=== Description of the task ===
Reproduce the records exactly.

=== Data extract ===

++++++

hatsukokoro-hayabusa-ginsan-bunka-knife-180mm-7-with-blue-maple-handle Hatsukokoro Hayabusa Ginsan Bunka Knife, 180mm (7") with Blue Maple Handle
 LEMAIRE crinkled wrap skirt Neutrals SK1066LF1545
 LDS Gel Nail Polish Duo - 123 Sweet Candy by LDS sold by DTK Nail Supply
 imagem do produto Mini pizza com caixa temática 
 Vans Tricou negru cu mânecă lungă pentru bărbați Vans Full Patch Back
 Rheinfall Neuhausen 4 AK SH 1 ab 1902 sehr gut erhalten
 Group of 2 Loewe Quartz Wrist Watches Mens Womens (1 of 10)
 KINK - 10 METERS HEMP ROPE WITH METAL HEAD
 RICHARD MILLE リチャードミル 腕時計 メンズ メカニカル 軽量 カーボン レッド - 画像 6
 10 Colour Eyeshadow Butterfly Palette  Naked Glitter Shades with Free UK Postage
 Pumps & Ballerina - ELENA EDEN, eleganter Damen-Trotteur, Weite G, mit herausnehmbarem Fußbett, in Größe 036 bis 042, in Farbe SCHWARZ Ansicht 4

++++++

=== Result ===
hatsukokoro-hayabusa-ginsan-bunka-knife-180mm-7-with-blue-maple-handle Hatsukokoro Hayabusa Ginsan Bunka Knife, 180mm (7") with Blue Maple Handle
 LEMAIRE crinkled wrap skirt Neutrals SK1066LF1545
 LDS Gel Nail Polish Duo - 123 Sweet Candy by LDS sold by DTK Nail Supply
 imagem do produto Mini pizza com caixa temática 
 Vans Tricou negru cu mânecă lungă pentru bărbați Vans Full Patch Back
 Rheinfall Neuhausen 4 AK SH 1 ab 1902 sehr gut erhalten
 Group of 2 Loewe Quartz Wrist Watches Mens Womens (1 of 10)
 KINK - 10 METERS HEMP ROPE WITH METAL HEAD
 RICHARD MILLE リチャードミル 腕時計 メンズ メカニカル 軽量 カーボン レッド - 画像 6
 10 Colour Eyeshadow Butterfly Palette  Naked Glitter Shades with Free UK Postage
 Pumps & Ballerina - ELENA EDEN, eleganter Damen-Trotteur, Weite G, mit herausnehmbarem Fußbett, in Größe 036 bis 042, in Farbe SCHWARZ Ansicht 4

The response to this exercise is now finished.